You may also remember that the reason I read the book was because I’d seen the trailer for the movie, which also looked amazing. And after reading the book, I was even more excited for the film. It looked like it would be a faithful adaptation that really captured the spirit of the novel — but of course, trailers often lie. So. Did it hold up?

This is going to be part film review, part compare and contrast with the book, because although the movie totally stands on its own, I find it really difficult to talk about it without referencing the source material. I’ll hide all spoilers, so don’t worry if you haven’t read or watched yet.

Let’s just get this out of the way up front: I loved the movie. Loved. I thought it was one of the most faithful book adaptations I’ve seen in years, the visuals were stunning, the casting was terrific, the writing was tight, the pacing was solid, and the humor, optimism and collaborative, heroic spirit of the book were all wonderfully represented. So. Even though I’m going to get critical in a minute, keep in mind that it’s the criticism of a true fan who enjoyed this movie and wants to watch it a dozen more times.

First, let’s talk about things I think the movie did better than the book. The big one is character. Watney aside (Matt Damon/Mark Watney is a category all his own), I cared about the characters in the movie — the Hermes crew in particular, but all of them to varying degrees — far more than I did in the book. One advantage to seeing the movie trailer before reading the book was that I was able to picture the movie cast as all the characters as I read. So although I’ve heard a few people here and there say Matt Damon was not “their” Mark Watney, for me, he was Mark from page 1.
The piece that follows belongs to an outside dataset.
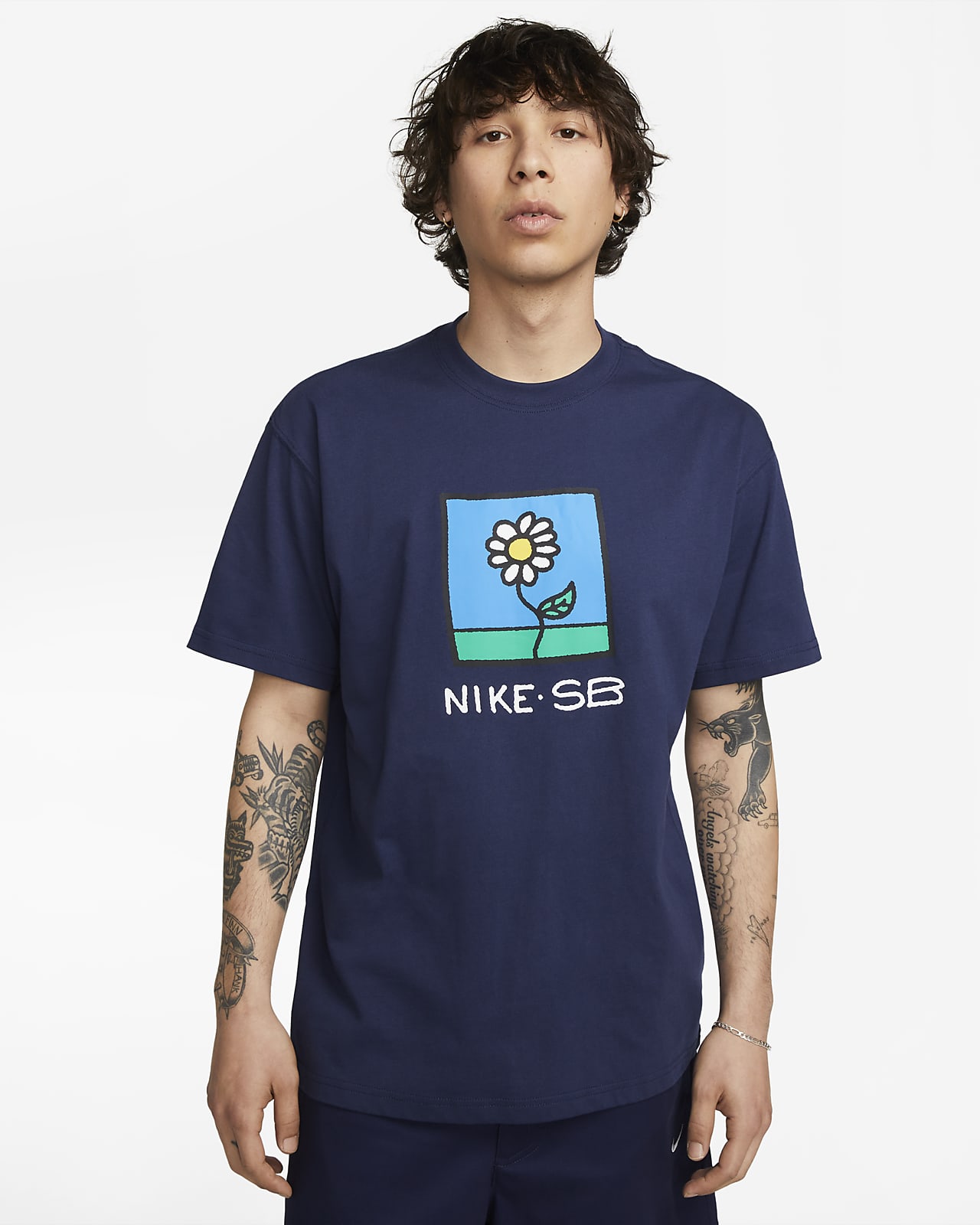 Nike Men's T-Shirt - Navy - L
It also helps (or maybe hinders, if you read the book first and pictured a character totally differently) that there is almost no physical description in the book for any of the characters. We are given names and genders and personalities, occasionally ages, but that’s it. No skin or hair color, no ethnicity beyond what’s implied by their names, no body types or backstory. So when it came to casting, there was a lot of leeway to cast the person who best embodied the character, and personally, I thought that worked out in the movie’s favor.

The vast majority of the cast was tasked with the daunting challenge of fully fleshing out their characters with relatively little screen time, and they managed it admirably, giving the non-Watney scenes an even greater depth and humanity than they had in the book. Whereas in the book, my heart was on Mars with Watney, making me anxious to return to him anytime the point-of-view would switch to another character, in the movie, I was fully invested in every scene, not just those on Mars with Watney, but on earth with the NASA team and in space with the Hermes crew. With an ensemble cast like this, it’s hard to call out individual players without it turning into a laundry list, so suffice it to say, everyone brought their A-game to this production.
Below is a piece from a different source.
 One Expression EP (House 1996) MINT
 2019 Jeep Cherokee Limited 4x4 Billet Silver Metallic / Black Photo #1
The Hermes crew, ltr: Matt Damon, Sebastian Stan, Jessica Chastain, Kate Mara, Aksel Hennie, Michael Peña

The movie was also able to drive home the physical deterioration of Mark Watney in a way I never fully felt with the book. It was one thing to read about how he had to severely cut his rations in order to stretch them, but another to see him go from a clean-shaven, muscular guy at the beginning of the movie to a bushy-faced, skeletal figure covered in malnutrition bruises by the end. His transformation really underscored the brutality of passing time in a far more tangible way than reading about it could.

Also, while I loved the [highlight for spoiler: final rescue scene by the Hermes crew] in the book, in the movie it was extended, and thus felt both more harrowing and heroic to me. I also really enjoyed that the movie ended the equivalent of a few pages past where the book ends. It gave the story and the characters a better sense of closure, and viewers a greater sense of satisfaction.
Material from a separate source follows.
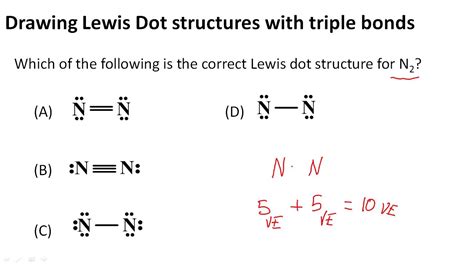 Drawing Lewis Dot Structures With Triple Bonds Youtube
Oh, and I’d be remiss if I didn’t mention Matt Damon’s fantastic performance as Mark Watney. I don’t think he was better than the book, per se, but he totally embodied the Watney in my brain, from his grim optimism, to his nerdy, irreverent, and sometimes fatalistic sense of humor, to his conversational and accessible way of talking about sciencing his way out of certain death. While I’m sure there are other great actors who could have played Watney and done the character justice, I can’t imagine anyone portraying him better or more true to the book than Damon. He was my Watney, from the first minute to the last.

Matt Damon as Mark Watney

However, there were some aspects in which I think the movie didn’t fare quite so well. Even though the movie runs long for Hollywood, at 141 minutes, it never felt like it had enough time to fully convey just how perilous Mark’s situation was. Like in the book, the movie sticks solely with Mark on Mars for his first couple weeks of isolation, but it never really has time to build up that sense of profound loneliness and desperation before cutting to NASA. And from then on out, by constantly cutting between Mark and NASA, the movie is never fully able to make us feel that every minute of Mark’s life is teetering on the edge of complete and utter failure, because we can see NASA working the problems and coming up with solutions — seemingly, almost instantly.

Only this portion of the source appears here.